More specifically, the Plan provides that “DTE Energy
and the Plan Administrator [are] … not liable for any
actions performed in good faith or [for] the failure to
perform any actions in good faith.” (ECF #27-4 at Pg. ID
488.) But the First Amended Complaint does not include
any factual allegations that, if proven, would tend to
establish that DTE failed to act in good faith. Singh
alleges only that DTE “failed to properly provide Wells
Fargo with [Singh’s’] contact and other information,”
which he says led to Wells Fargo closing his account and
escheating his stock to the State of Michigan. (First Am.
Compl. at ¶20, ECF #26 at Pg. ID 404.) He says nothing
about the circumstances surrounding DTE’s alleged
failure to provide that information to Wells Fargo. Simply
put, Singh’s allegations are not sufficient to overcome the
Plan’s limitation on DTE’s liability, and the Court will
therefore dismiss Singh’s claim that DTE breached the
Plan.
Singh has now filed a motion pursuant to Federal Rule of Civil Procedure
59(e) in which he asks the Court to reinstate his claim that DTE breached the Plan.

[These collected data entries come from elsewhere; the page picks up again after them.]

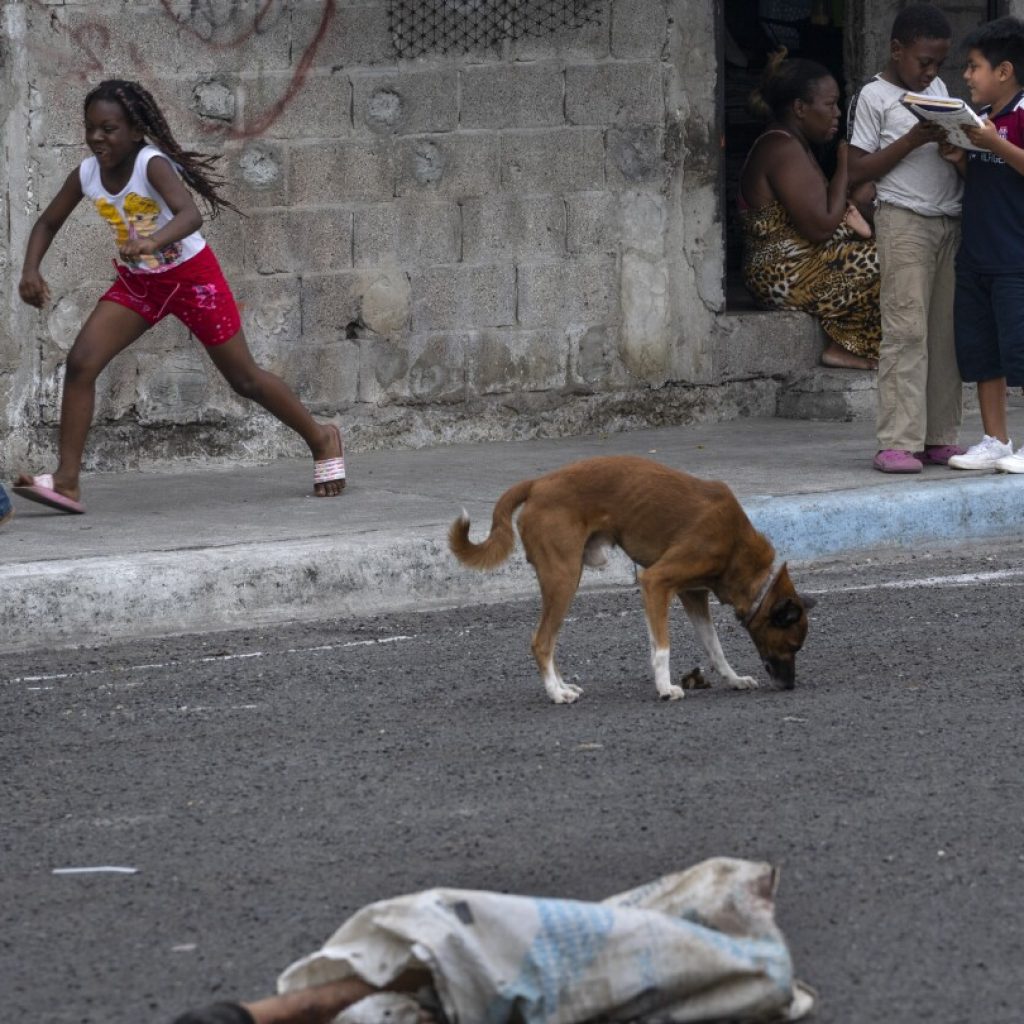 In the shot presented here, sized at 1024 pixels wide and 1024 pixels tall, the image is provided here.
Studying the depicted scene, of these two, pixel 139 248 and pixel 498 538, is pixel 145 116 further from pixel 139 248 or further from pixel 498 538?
pixel 498 538

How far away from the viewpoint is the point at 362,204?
985 centimetres

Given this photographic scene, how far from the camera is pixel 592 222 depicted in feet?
34.1

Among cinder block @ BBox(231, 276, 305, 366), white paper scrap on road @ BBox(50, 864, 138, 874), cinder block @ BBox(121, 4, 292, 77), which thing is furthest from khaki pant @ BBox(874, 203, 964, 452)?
white paper scrap on road @ BBox(50, 864, 138, 874)

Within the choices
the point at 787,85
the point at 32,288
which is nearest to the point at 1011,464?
the point at 787,85

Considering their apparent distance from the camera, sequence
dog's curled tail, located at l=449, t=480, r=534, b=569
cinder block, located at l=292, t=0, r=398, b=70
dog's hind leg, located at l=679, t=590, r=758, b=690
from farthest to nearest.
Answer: cinder block, located at l=292, t=0, r=398, b=70 < dog's hind leg, located at l=679, t=590, r=758, b=690 < dog's curled tail, located at l=449, t=480, r=534, b=569

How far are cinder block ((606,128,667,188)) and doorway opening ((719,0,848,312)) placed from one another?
4.09 feet

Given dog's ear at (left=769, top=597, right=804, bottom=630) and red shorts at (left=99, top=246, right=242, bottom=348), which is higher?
red shorts at (left=99, top=246, right=242, bottom=348)

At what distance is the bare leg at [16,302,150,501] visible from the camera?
26.9 ft

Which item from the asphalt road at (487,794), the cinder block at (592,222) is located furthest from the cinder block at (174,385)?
the asphalt road at (487,794)

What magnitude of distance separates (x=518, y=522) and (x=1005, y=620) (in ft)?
6.02

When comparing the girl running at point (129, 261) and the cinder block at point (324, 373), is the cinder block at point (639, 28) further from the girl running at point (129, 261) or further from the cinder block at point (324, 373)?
the girl running at point (129, 261)

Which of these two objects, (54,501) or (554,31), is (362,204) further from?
(54,501)

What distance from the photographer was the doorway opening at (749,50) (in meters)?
11.8

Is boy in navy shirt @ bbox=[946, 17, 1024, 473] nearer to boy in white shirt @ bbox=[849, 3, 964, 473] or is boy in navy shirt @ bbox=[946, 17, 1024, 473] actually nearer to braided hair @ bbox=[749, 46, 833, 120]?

(See ECF #34.) For the reasons that follow, the Court DENIES Singh’s motion.
I
Singh moves the Court to reconsider its ruling under Federal Rule of Civil
Procedure 59(e). “A court may grant a Rule 59(e) motion to alter or amend if there
is: (1) a clear error of law; (2) newly discovered evidence; (3) an intervening change
in controlling law; or (4) a need to prevent manifest injustice.” Intera Corp. v.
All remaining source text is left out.